Thanks to Annie Proulx, Making The Best Apple Cider, 1980, (c) Storey Communications, Inc.

Also known as Rough or Farmhouse cider but it generally bears little resemblance to the cider you can buy in bars, particularly Scrumpy Jack, though sometimes you can find Weston's Old Rosie which is a scrumpy of sorts.

Generally it is brought straight off the farm in plastic gallon containers, for consumption off the premises, though through a quirk of British Licensing Laws it is possible to get a license that allows you to sell cider and tobacco only so it is possible to find dusty sheds where you can drink it on the farm.

Scrumpy production is centered around two areas the West Country (Somerset, Devon, Gloucestershire, Herefordshire etc) and East Anglia/Norfolk.
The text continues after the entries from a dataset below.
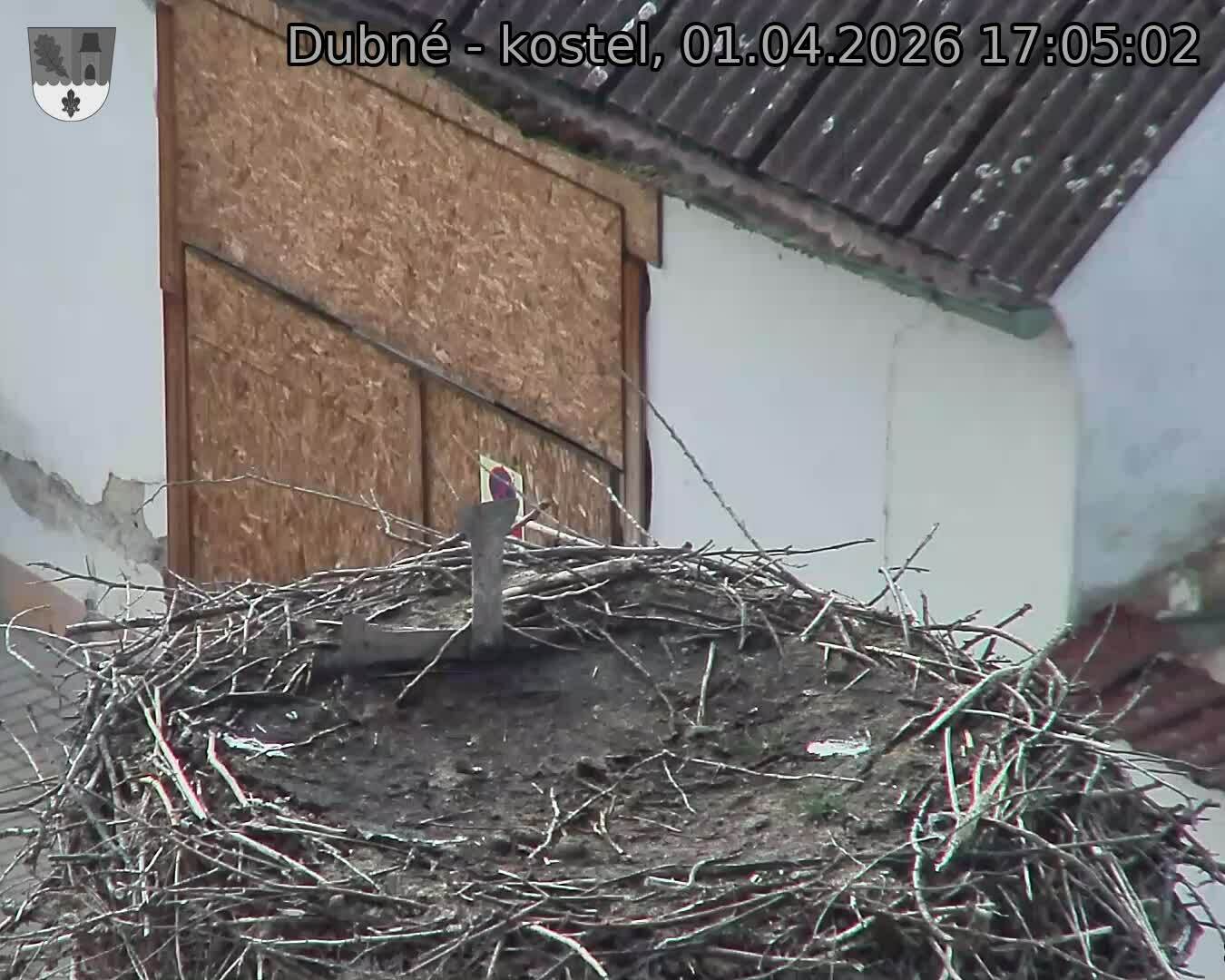 Capi_Dubne_20260401_170502.jpg (1350&nbsp;x&nbsp;1080)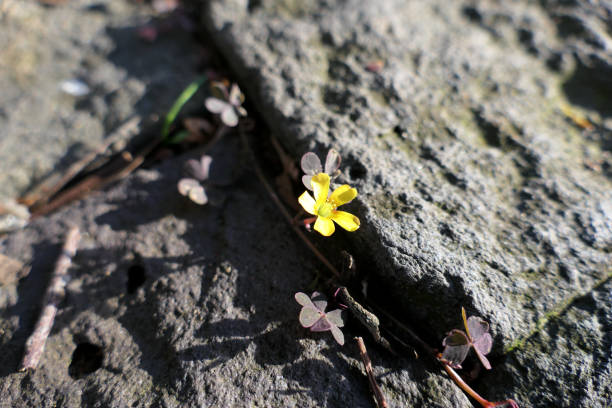 istock Yellow flower on the stone 1851849407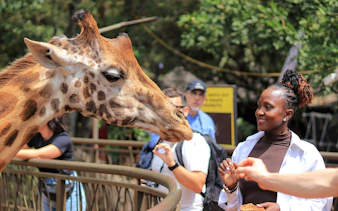 People feeding a giraffe at Giraffe Centre, Nairobi.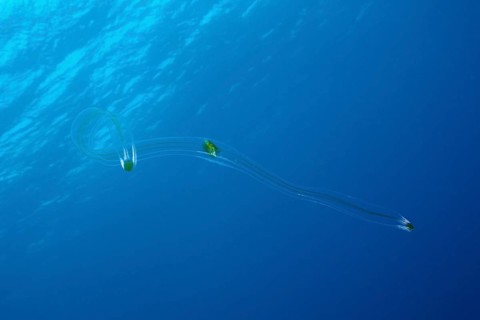 Venus belt ribbed jellyfish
In the latter place a clear (filtered) version is produced, though more normally scrumpy is cloudy and blood-stained urine yellow to snot green in colour, depending how well it's been fermented. Both varieties are strong in alcohol and as well as rotten meat it's not uncommon to see extra sugar (=more alcohol) or petrol added to the mix, amongst other things. Taste doesn't really come into it (though lack of it might).

I had the good/mis-fortune to grow up in a cider-producing area (Gloucestershire) so scrumpy played a large part in my teenage years. As I know only to well drinking too much can have severe consequences, to wit, green diarrhea and alcohol poisoning (I once ended up with a hangover that lasted a week). Scrumpy is probably best neatly avoided on reflection.